> **TASK BRIEF**
Beginning with the line that contains "食神探店丨在麻涌哪里可以吃到荔枝柴古法明火烧鹅?" in the material below, print each line exactly until the line that contains "Photo of Bathroom in Musicians Quarter" has been printed, then stop.

> **INFORMATION GIVEN**

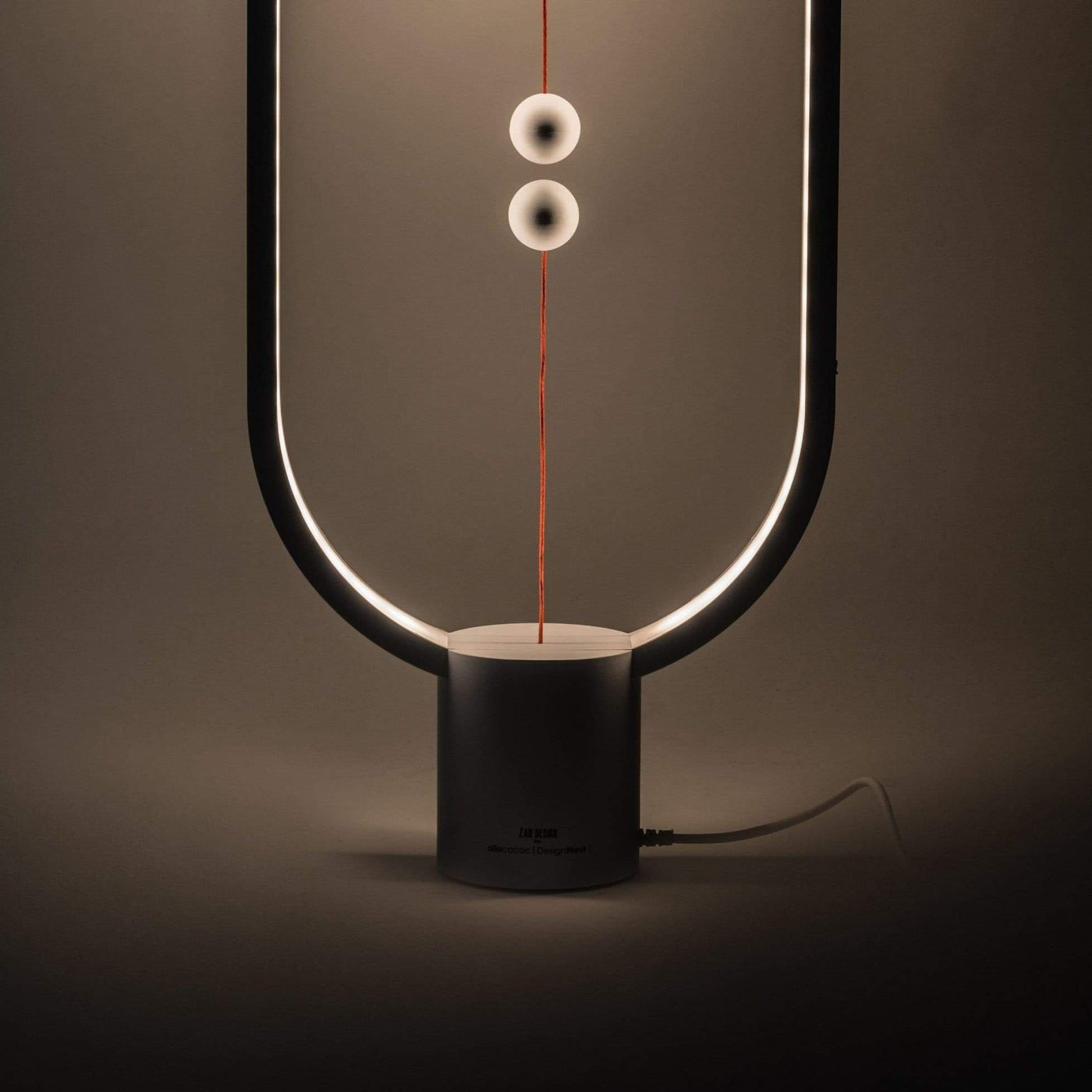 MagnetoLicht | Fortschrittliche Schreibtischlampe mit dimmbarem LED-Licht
---
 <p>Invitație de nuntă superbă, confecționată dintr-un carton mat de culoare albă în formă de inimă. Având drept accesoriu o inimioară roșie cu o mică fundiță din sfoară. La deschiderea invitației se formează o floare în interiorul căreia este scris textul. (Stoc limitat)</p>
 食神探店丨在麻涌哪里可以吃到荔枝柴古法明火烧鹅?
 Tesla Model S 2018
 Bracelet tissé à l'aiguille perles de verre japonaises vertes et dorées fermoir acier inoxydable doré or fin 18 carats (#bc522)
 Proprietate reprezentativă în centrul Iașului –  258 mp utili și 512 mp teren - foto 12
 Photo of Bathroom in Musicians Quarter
* * *
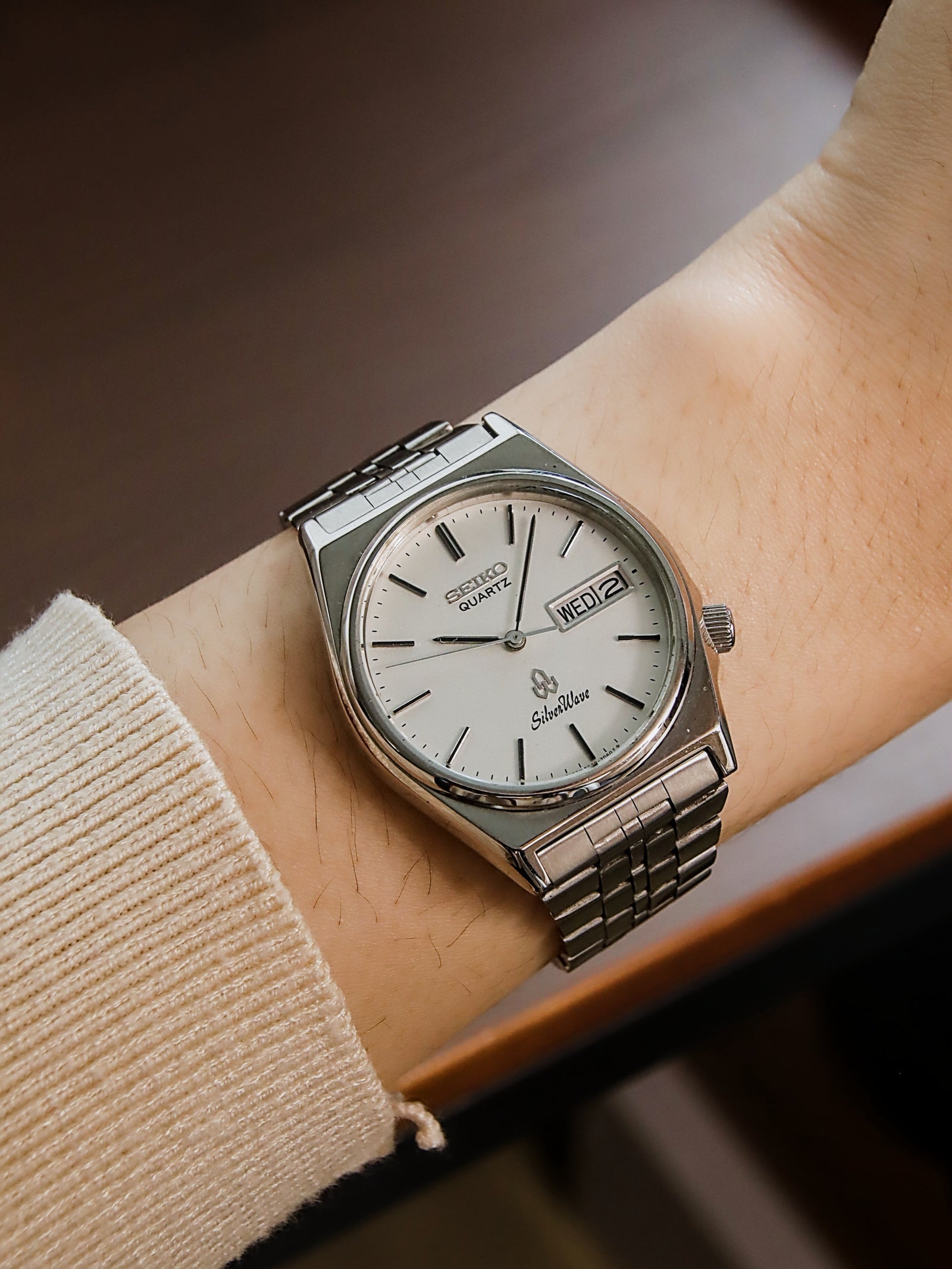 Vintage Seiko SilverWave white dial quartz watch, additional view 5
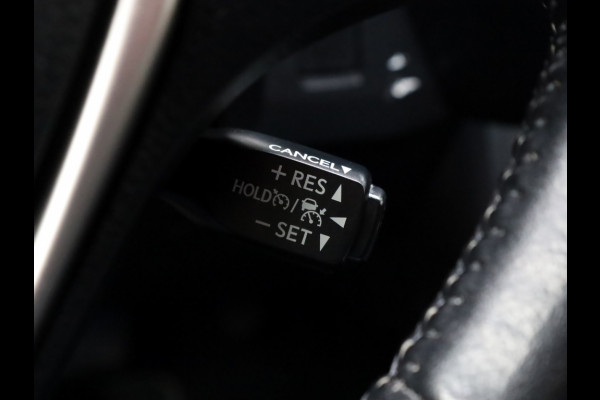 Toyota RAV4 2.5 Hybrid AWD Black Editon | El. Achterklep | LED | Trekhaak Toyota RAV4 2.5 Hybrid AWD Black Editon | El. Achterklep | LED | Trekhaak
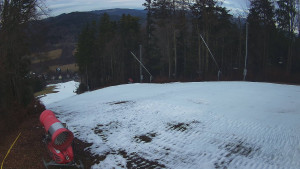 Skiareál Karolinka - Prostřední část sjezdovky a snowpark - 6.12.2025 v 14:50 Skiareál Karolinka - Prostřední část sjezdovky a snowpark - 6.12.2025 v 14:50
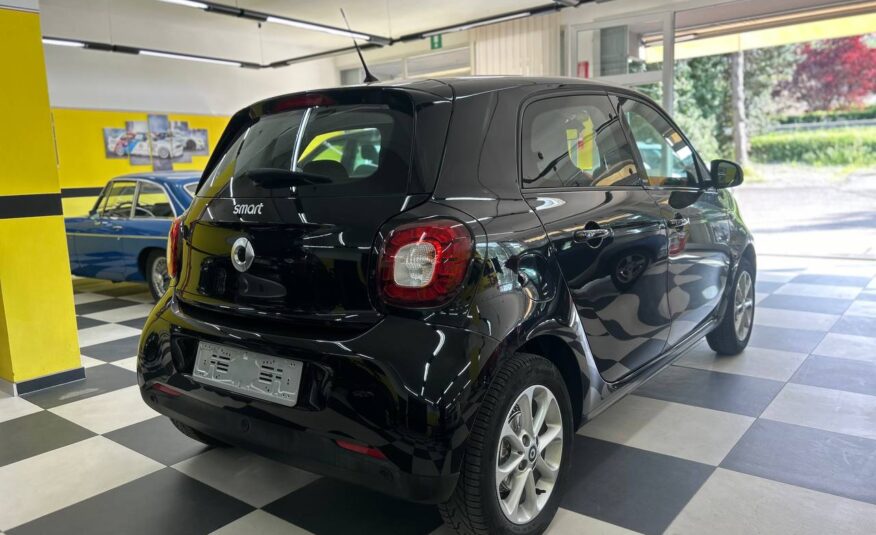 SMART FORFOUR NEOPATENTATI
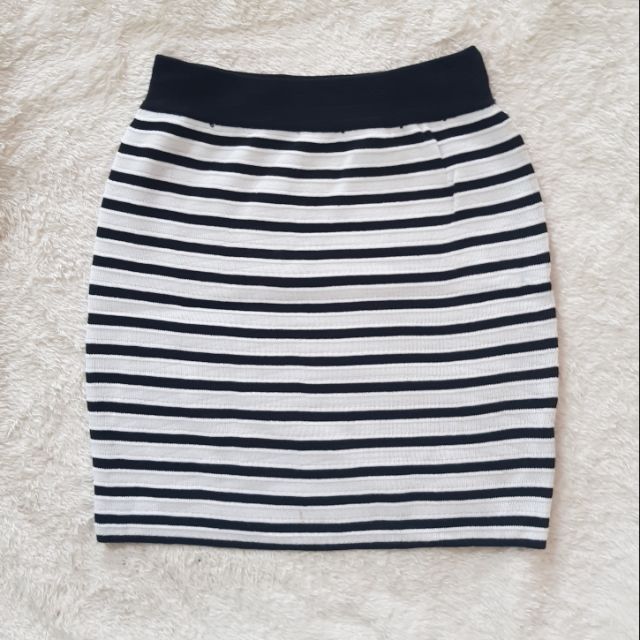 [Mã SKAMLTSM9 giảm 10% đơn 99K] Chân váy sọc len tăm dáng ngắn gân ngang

> **EXERCISE RESPONSE**
 食神探店丨在麻涌哪里可以吃到荔枝柴古法明火烧鹅?
 Tesla Model S 2018
 Bracelet tissé à l'aiguille perles de verre japonaises vertes et dorées fermoir acier inoxydable doré or fin 18 carats (#bc522)
 Proprietate reprezentativă în centrul Iașului –  258 mp utili și 512 mp teren - foto 12
 Photo of Bathroom in Musicians Quarter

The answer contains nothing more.